◆ Task details: Please retype, word for word, the line containing "2073 Cambria Ct, Northbrook, IL" and every line after it through the end of the records, leaving out all pictures.
(Beginning of The data)
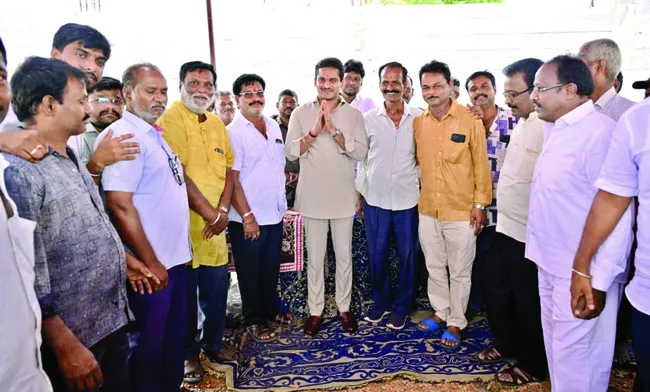 సముదాయ భవన నిర్మాణానికి రూ.25 లక్షలు 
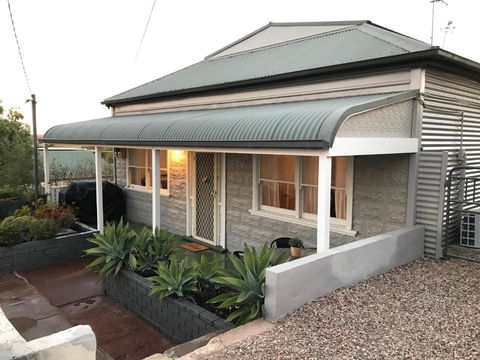 HILLSIDE HAVEN CHARMING C1920 COTTAGE Pet Friendly Sleeps 1 - 6 - Holiday Adelaide 0
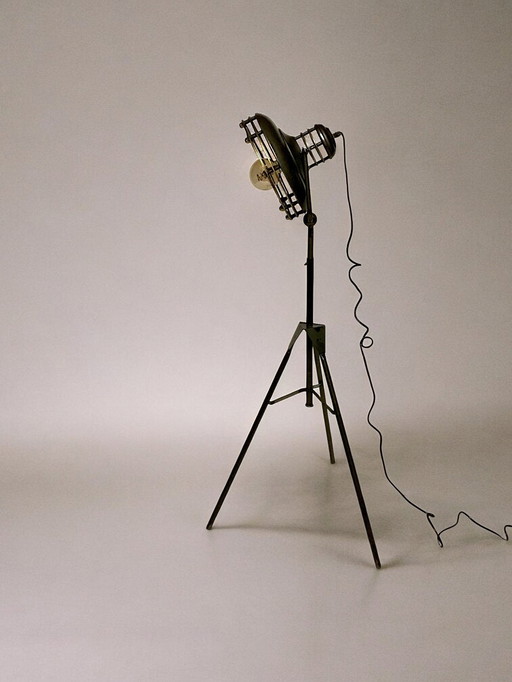 C. 1970 - Lampadaire Sur Pied De Style Industriel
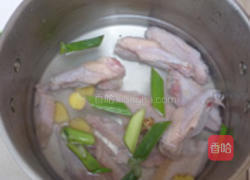 红枣煲鸡翅的做法图解3
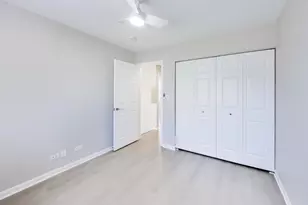 2073 Cambria Ct, Northbrook, IL 60062 - Photo 18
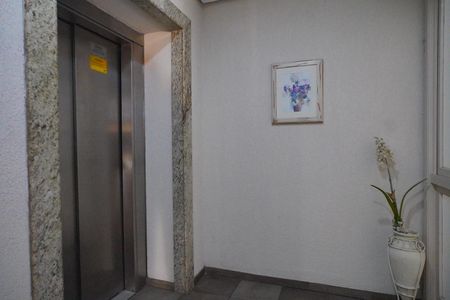 Apartamento à venda com 80m², 2 quartos e 1 vaga Apartamento à venda com 80m², 2 quartos e 1 vagaHall de entrada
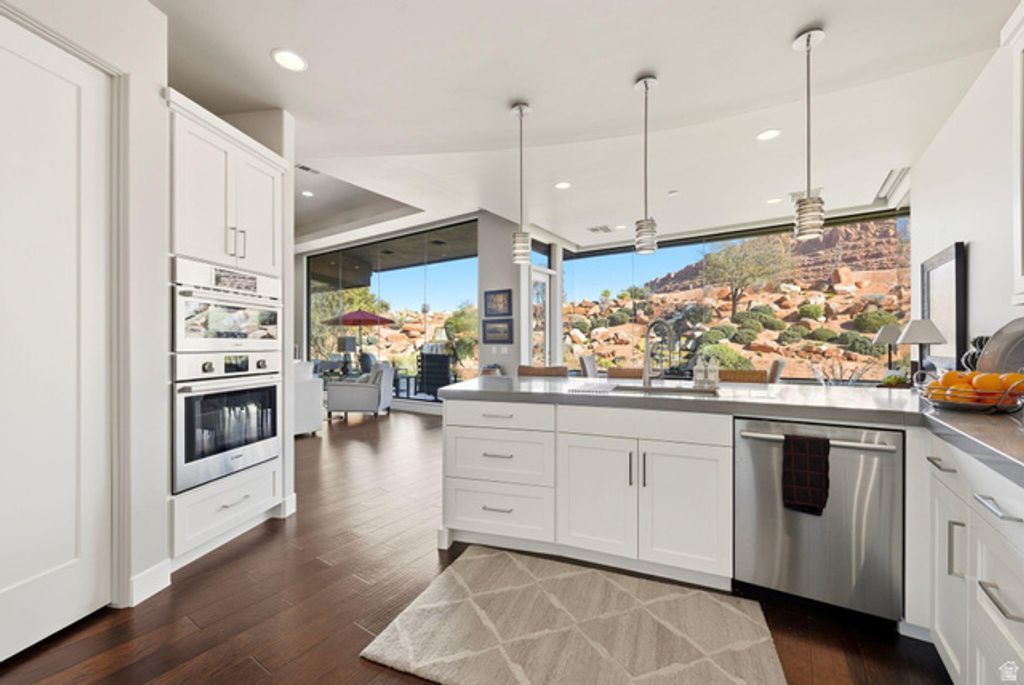 Image 17 of property listing at 2405 W ENTRADA TRL #78, St. George, UT 84770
(End of The data)
◆ Solution to this problem:
 2073 Cambria Ct, Northbrook, IL 60062 - Photo 18
 Apartamento à venda com 80m², 2 quartos e 1 vaga Apartamento à venda com 80m², 2 quartos e 1 vagaHall de entrada
 Image 17 of property listing at 2405 W ENTRADA TRL #78, St. George, UT 84770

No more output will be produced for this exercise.